Working Lives covers geologists and their work covering 50 years, 1100 years of industry experience over 111 pages and is depicted in a book published in 2019 – ‘Working Lives’ compiled by three of that cohort, Bill Koppe, Peter Hayden and Bill Turner, with editorial support from Perth-based resources geologist Barry Avery.
The cover photograph shows a long-wheelbase Landrover up to its radiator in water during a river crossing in the DRC (Democratic Republic of Congo).

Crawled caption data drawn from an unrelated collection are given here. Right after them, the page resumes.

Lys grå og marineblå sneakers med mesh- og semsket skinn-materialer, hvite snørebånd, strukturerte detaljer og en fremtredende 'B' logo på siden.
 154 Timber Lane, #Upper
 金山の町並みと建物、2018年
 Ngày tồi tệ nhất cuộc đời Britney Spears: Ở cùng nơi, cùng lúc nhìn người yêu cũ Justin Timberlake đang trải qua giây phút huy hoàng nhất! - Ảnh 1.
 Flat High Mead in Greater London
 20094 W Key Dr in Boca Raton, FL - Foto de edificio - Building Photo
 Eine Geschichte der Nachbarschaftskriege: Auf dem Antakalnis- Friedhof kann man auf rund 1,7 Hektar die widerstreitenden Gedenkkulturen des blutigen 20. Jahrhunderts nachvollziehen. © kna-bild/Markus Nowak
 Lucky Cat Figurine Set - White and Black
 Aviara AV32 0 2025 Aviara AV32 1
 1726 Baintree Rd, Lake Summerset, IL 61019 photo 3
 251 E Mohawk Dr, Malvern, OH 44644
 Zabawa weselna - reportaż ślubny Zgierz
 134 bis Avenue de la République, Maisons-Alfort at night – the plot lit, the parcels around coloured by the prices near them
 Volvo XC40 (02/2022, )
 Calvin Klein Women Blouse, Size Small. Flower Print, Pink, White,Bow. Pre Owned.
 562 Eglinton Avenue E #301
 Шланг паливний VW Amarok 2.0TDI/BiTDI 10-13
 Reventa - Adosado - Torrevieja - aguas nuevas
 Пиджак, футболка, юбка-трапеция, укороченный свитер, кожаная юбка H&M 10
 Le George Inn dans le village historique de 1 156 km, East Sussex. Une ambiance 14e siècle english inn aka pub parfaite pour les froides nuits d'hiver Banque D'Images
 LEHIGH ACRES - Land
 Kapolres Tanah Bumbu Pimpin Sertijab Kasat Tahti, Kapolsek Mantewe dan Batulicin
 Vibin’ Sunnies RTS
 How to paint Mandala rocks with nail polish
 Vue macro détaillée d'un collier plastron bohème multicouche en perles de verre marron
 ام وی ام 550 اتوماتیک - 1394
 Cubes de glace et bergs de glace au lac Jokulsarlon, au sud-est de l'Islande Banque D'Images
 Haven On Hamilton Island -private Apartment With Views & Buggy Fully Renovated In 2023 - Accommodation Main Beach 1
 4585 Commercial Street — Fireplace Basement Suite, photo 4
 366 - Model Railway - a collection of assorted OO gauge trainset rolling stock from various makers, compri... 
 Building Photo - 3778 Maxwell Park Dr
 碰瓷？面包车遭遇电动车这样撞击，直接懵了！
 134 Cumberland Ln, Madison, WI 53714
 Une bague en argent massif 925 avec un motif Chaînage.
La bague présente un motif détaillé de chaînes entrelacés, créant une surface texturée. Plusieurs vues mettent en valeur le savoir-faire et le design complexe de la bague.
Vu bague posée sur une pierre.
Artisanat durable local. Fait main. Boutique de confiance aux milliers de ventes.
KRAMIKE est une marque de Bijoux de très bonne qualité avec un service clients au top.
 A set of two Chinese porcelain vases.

The foreword, written by Professor Sue Golding of the School of Earth and Environmental Sciences, University of Queensland (who was also one of the cohort) reinforces positive messages given by the 23 authors and notes: “The resources industries in Australia have seen spectacular growth since the 1970s with new resources and technologies such as coal seam gas and carbon capture and storage, provided a wider range of employment options for geoscience graduates. Opportunities for Australian geologists to work globally and increased emphasis on the environmental and social impacts of mining and production further expanded the employment options for geology/earth science graduates.” This is also shown in the course Earth Custodians
The idea of a book was conceived at one of the UQ geology class of 1967/1969 reunions a few years ago. At this event it was felt that stories from geologists might offer valuable insights for students to contemplate a career in geology, as well as some useful ideas for geology students about to graduate. The book cobbles together the stories of nearly two dozen geologists, all of whom went on to pursue different types of interesting and challenging careers involving the earth sciences, most of them in the field of economic geology.
Their stories, written from the heart are told in straightforward and often humorous individual styles and encapsulate geological experiences from the dawn of two post-war booms – and several busts – of the mineral resource cycles. These stories are intertwined within the spectacular growth, diversification and technical innovation that has characterised the Australian resources sectors over the last 50 years, and made it world-class with a presence now in many countries around the world. Apart from compilers Bill Koppe, Peter Hayden and Bill Turner, the other 20 stories come from Daud (Brian) Batchelor, Lindsay Bottomer, David Brunt, Neil Clifford, Barry Cotton, Leonard Cranfield, Alan Davies, Geoff Eupene, John Feros, Andrew Graham, Peter Gregory, Neil Krosch, Hamish Paterson, Nev Robinson, Peter Robinson, Roger Scott, John Siemon, Phil Smart, Eric Streitberg and Peter Vickerson.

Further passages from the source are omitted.